O esoterismo, principalmente a astrologia, é um dos elementos que também aparece frequentemente em sua prosa. Por outro lado, as protagonistas de Tokarczuk estão fortemente ligadas a problemas ecológicos. Desde o início, a autora se sensibilizava com os problemas ecológicos e pregava vegetarianismo - quando o assunto nem estava em voga ainda. Um dos seus livros, que foi indicado ao Booker deste ano, Pelos Ossos dos Mortos (de 2009, que a Todavia lança no próximo mês), e adaptado ao cinema por Agnieszka Holland e Kasia Adamik (Pokot, 2017) tem como seu tema principal as questões ecológicas e feministas.

O mundo em movimento, em viagem, o mundo fragmentado pelas inquietações, tanto as criadas pelo mundo moderno, quanto as inerentes ao ser humano, é o tema de seu premiado livro Os Vagantes (2007). A construção atípica do livro, tecido de vários fios narrativos aparentemente não ligados, que se unem em um multicolorido tapete, coloca em voga os temas atuais e eternos, como a tentativa de imortalizar o ser humano ou de criar um compêndio de toda a experiência e ciência humanas ou ainda a necessidade que temos de permanecer em movimento.

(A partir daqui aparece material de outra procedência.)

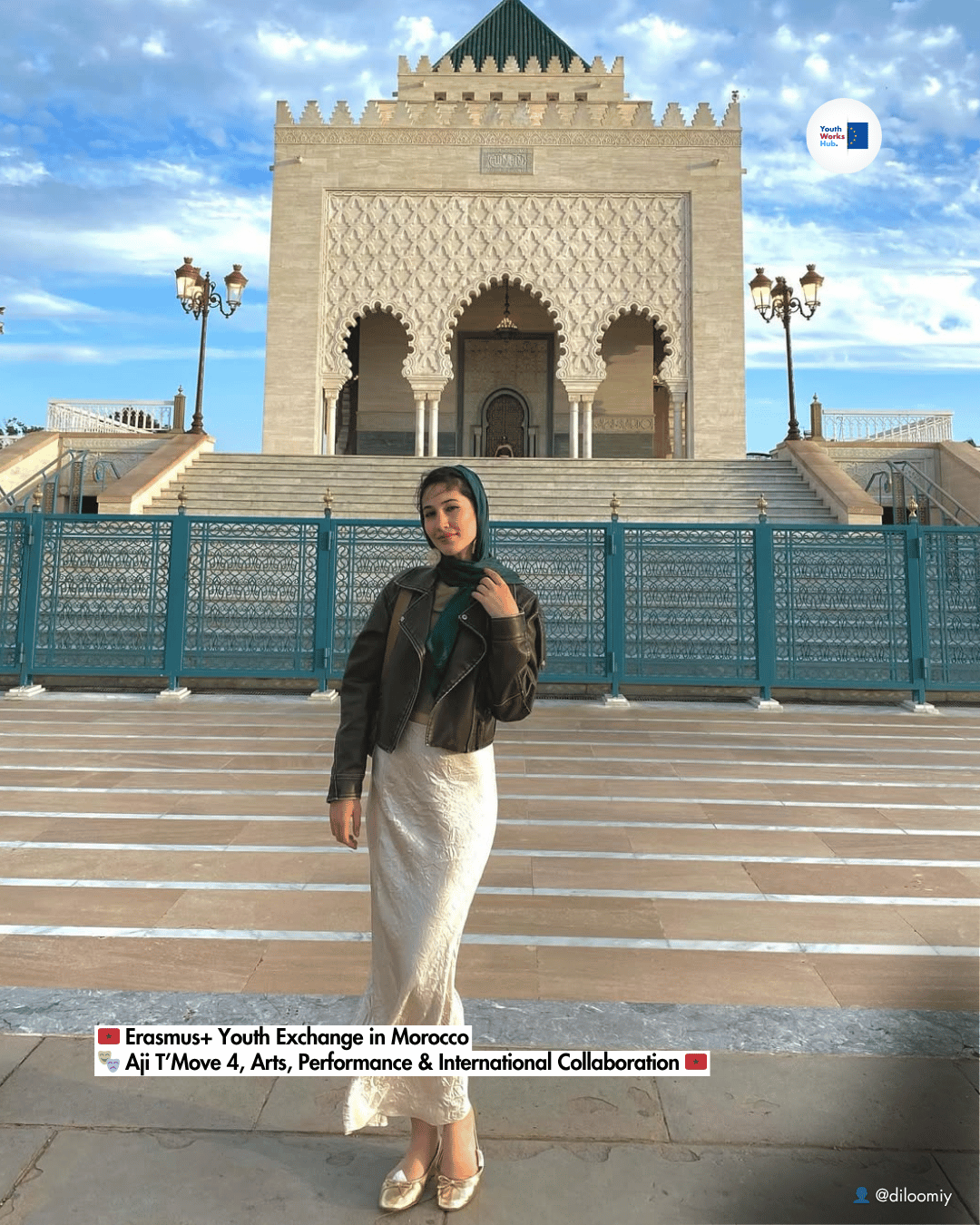 🇲🇦 Erasmus+ Youth Exchange in Morocco 🎭 Aji T’Move 4, Arts, Performance & International Collaboration 🇲🇦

Isso faz com que o leitor seja obrigado a se defrontar com uma obra complexa e fascinante.

Um outro elemento presente em seus escritos é a História, mostrada a partir de sua complexidade. No premiado Livros do Jacó (2014) ela narra a pouco conhecida trajetória de Jakub Frank, místico judeu que se proclamou messias e criou uma seita herege de franquistas no seio do judaísmo. A história é narrada sob o colorido pano de fundo da Polônia do século 18, nos momentos finais da sua existência independente, e mostra um país multiétnico, complexo, muito diferente da visão idealizada da Polônia que a história oficial polonesa apregoa.

Essa tentativa de apresentar a Polônia histórica de um modo não maquiado, repleta de injustiças, desigualdades, violência e pobreza, assim como a denúncia da história polonesa como um fabricado que omitia e camuflava os pecados de colonização, violência contra as minorias ou a quase escravidão dos camponeses, denúncias que ela fez ao receber o seu segundo prêmio Nike em 2015 (o primeiro foi em 2008, por Os Vagantes), lhe rendeu uma onda de ódio na internet promovida pelos grupos direitistas. E, é claro, depois do ódio veio uma tentativa de ignorar sua importância. Há poucos dias, aliás, o ministro da cultura polonês pertencente ao partido governante de direita populista, PiS, ao ser indagado sobre Tokarczuk em contextos do prêmio Nobel, declarou não ter conseguido terminar de ler nenhum dos seus livros. Talvez o prêmio faça com que ele seja obrigado a tentar de novo.